INSTRUCTIONS TO FOLLOW: Without copying any picture, transcribe exactly the lines of the data below from the one containing "Lifewit 8 Pack" through the one containing "Infant green fern twirl dress".

PROVIDED RECORDS:
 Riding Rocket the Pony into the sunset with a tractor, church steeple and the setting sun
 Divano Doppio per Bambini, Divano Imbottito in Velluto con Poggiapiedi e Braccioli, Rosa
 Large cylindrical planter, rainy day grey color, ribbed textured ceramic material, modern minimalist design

---

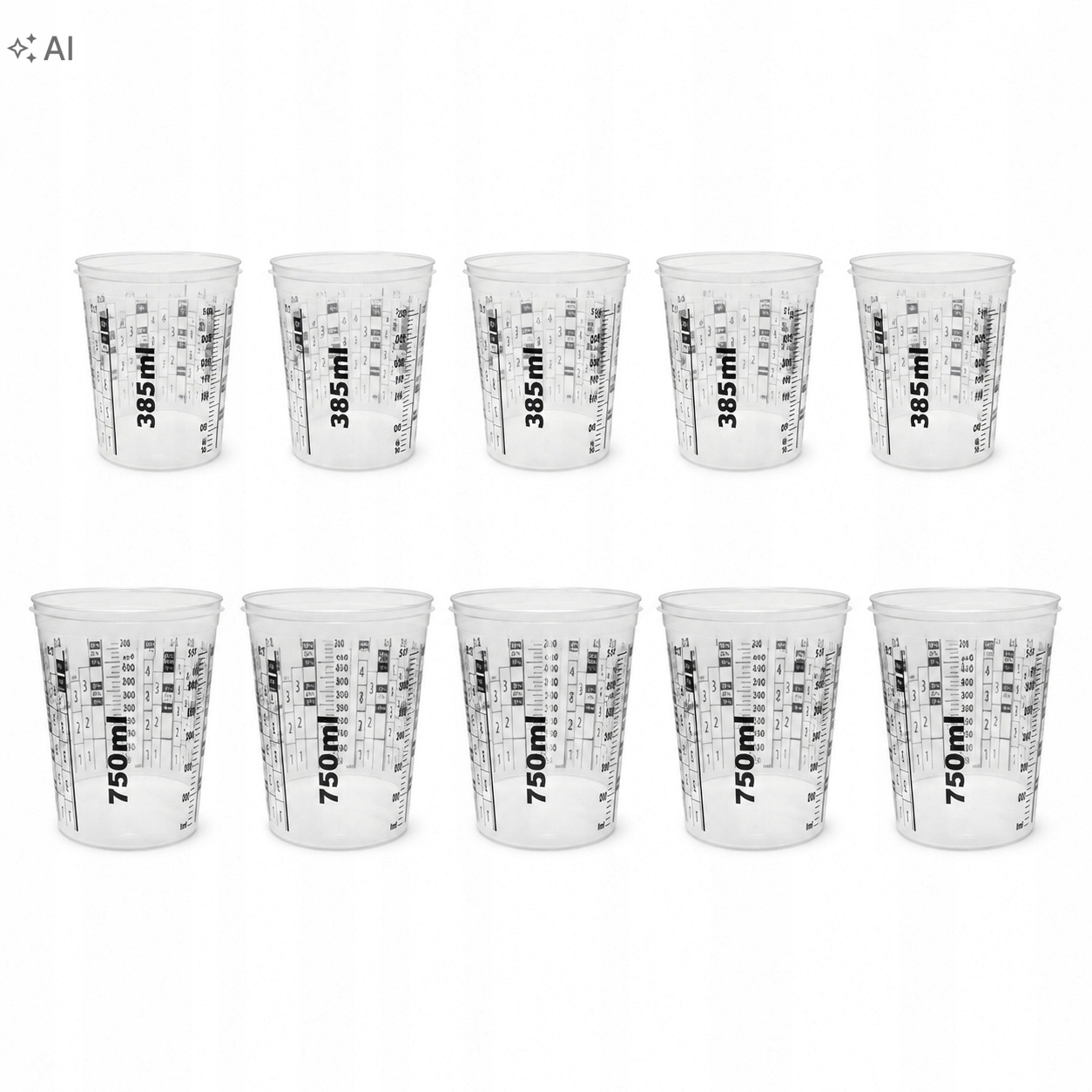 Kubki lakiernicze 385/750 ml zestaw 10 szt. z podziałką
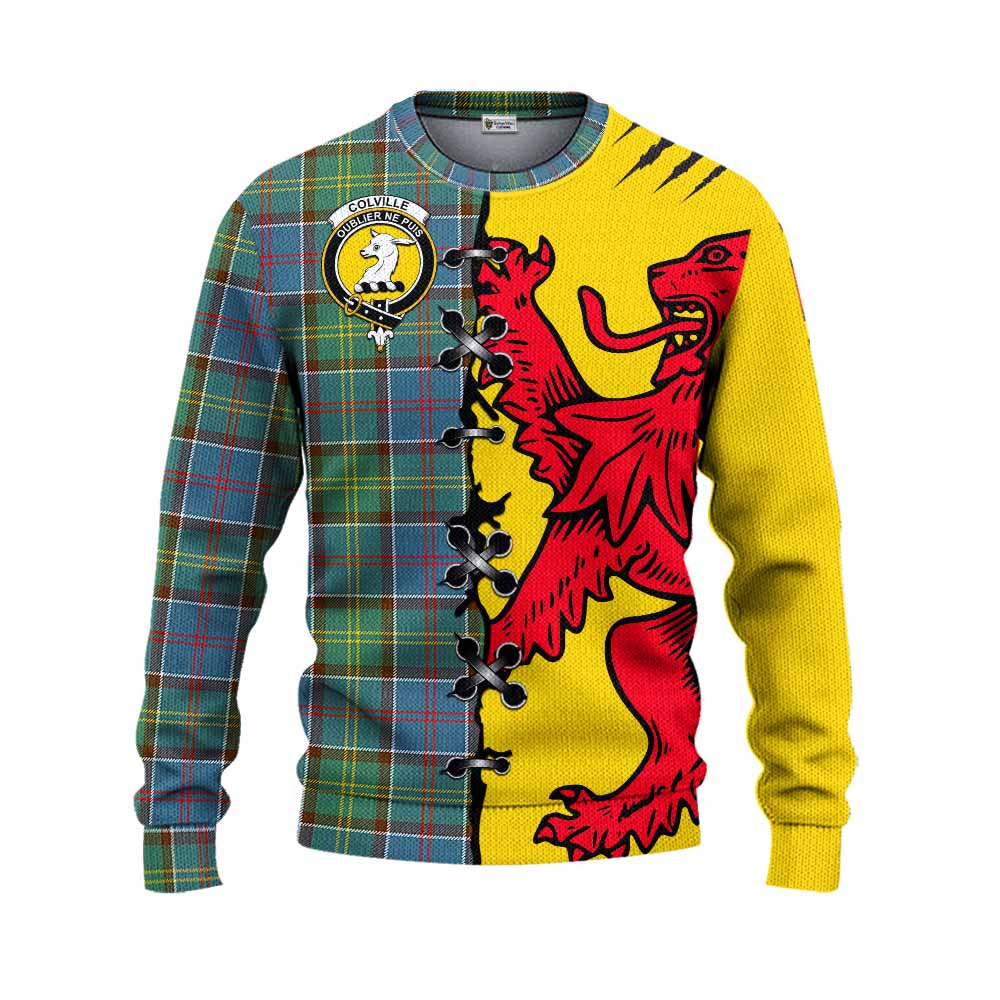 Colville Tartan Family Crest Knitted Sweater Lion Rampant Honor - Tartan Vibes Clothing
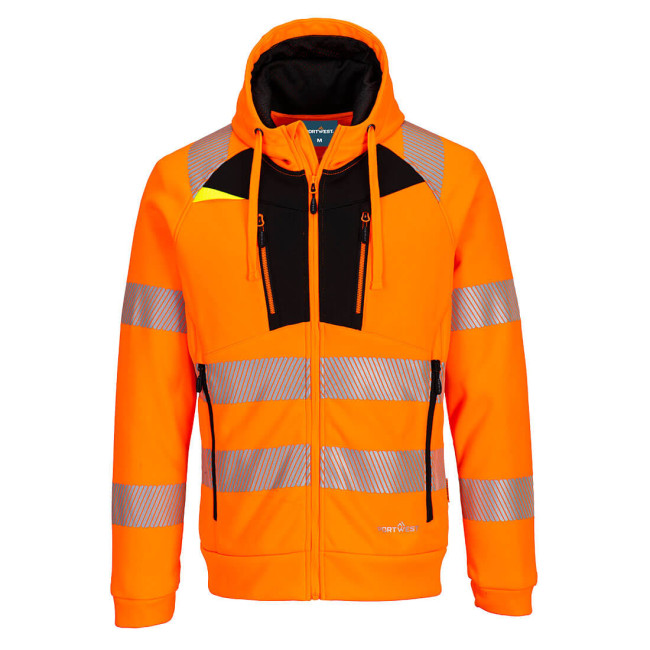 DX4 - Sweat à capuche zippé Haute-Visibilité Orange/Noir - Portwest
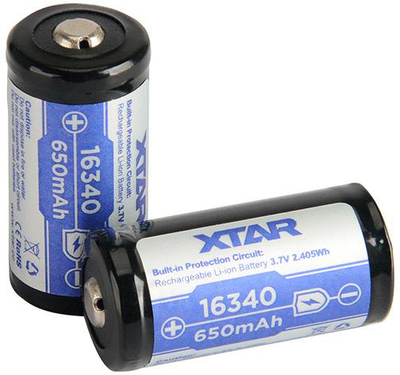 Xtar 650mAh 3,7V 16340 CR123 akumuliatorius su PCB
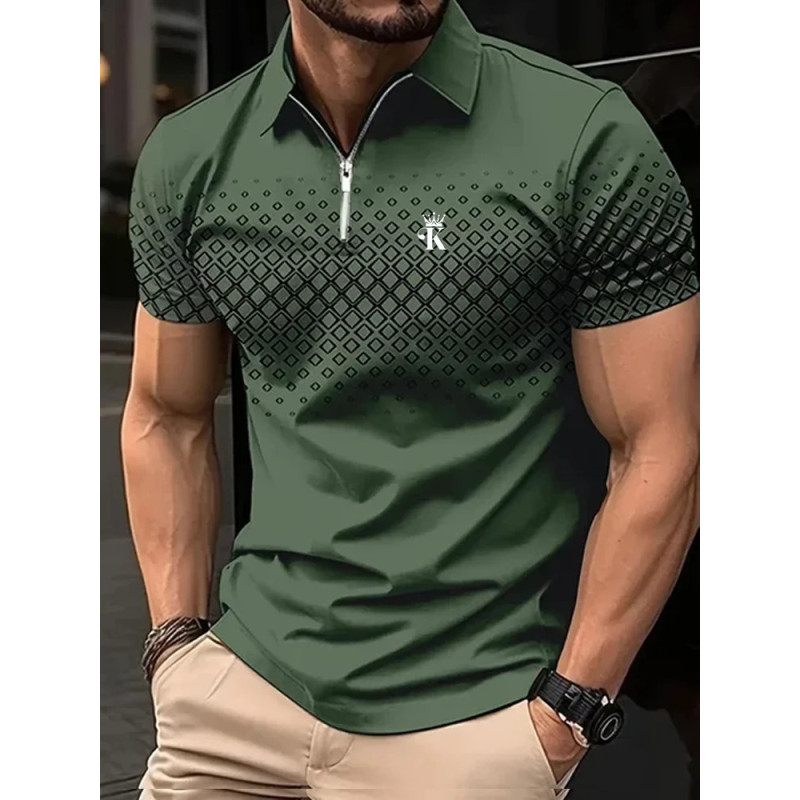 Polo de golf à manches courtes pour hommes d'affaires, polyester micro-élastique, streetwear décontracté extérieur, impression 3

==

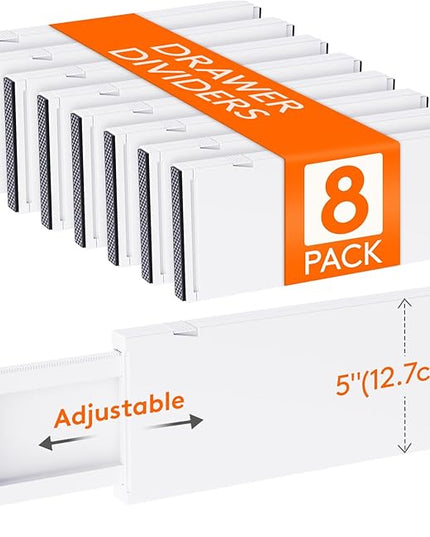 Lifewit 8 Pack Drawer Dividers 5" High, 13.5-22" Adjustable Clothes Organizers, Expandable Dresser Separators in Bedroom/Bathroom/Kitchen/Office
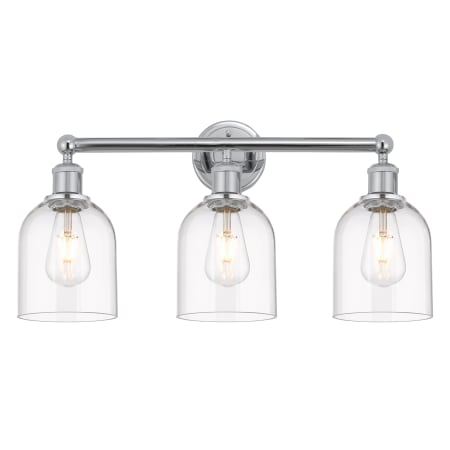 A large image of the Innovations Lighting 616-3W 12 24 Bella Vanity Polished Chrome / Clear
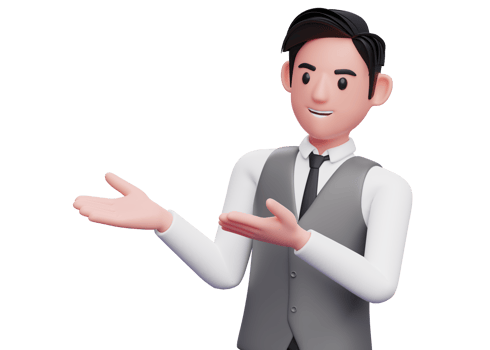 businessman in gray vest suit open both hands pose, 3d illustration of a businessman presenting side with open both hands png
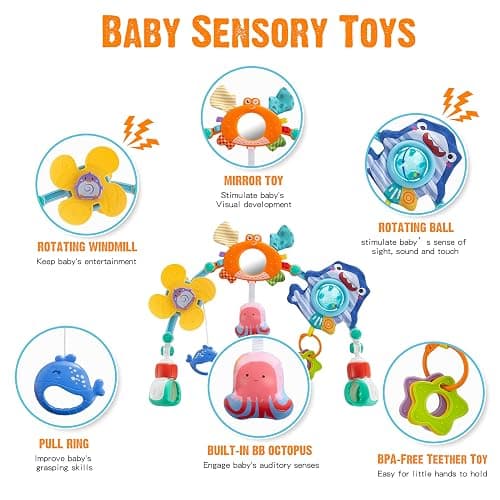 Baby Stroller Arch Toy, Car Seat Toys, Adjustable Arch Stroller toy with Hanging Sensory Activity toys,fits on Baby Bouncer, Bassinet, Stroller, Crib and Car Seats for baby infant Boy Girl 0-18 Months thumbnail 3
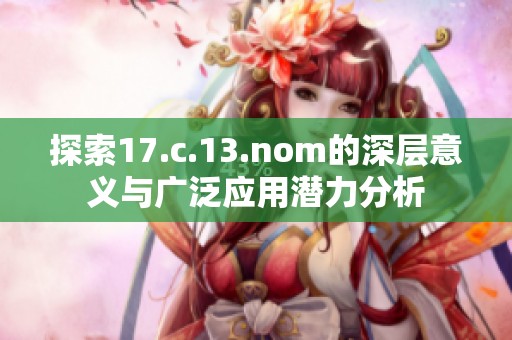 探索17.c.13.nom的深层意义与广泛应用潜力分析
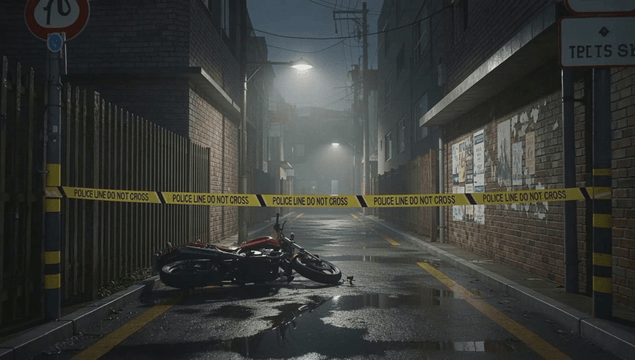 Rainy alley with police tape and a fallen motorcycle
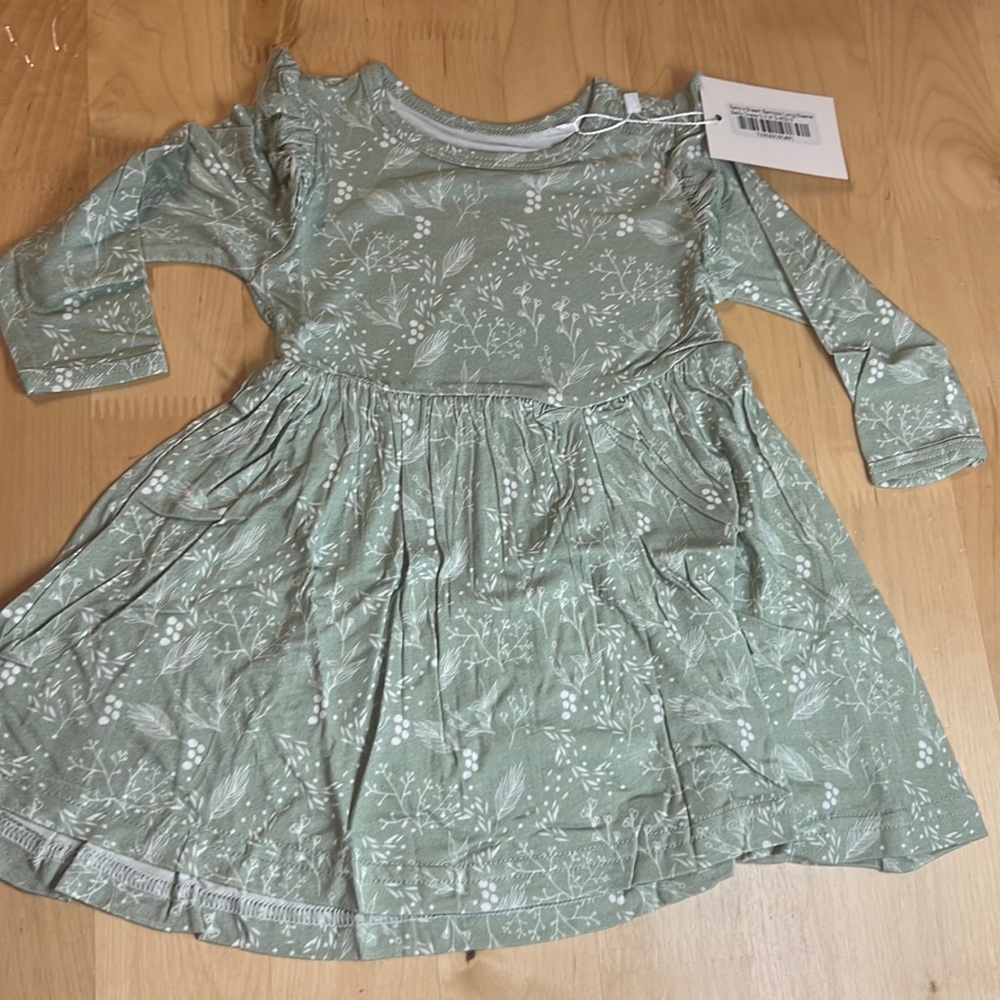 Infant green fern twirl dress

THE ANSWER:
 Lifewit 8 Pack Drawer Dividers 5" High, 13.5-22" Adjustable Clothes Organizers, Expandable Dresser Separators in Bedroom/Bathroom/Kitchen/Office
 A large image of the Innovations Lighting 616-3W 12 24 Bella Vanity Polished Chrome / Clear
 businessman in gray vest suit open both hands pose, 3d illustration of a businessman presenting side with open both hands png
 Baby Stroller Arch Toy, Car Seat Toys, Adjustable Arch Stroller toy with Hanging Sensory Activity toys,fits on Baby Bouncer, Bassinet, Stroller, Crib and Car Seats for baby infant Boy Girl 0-18 Months thumbnail 3
 探索17.c.13.nom的深层意义与广泛应用潜力分析
 Rainy alley with police tape and a fallen motorcycle
 Infant green fern twirl dress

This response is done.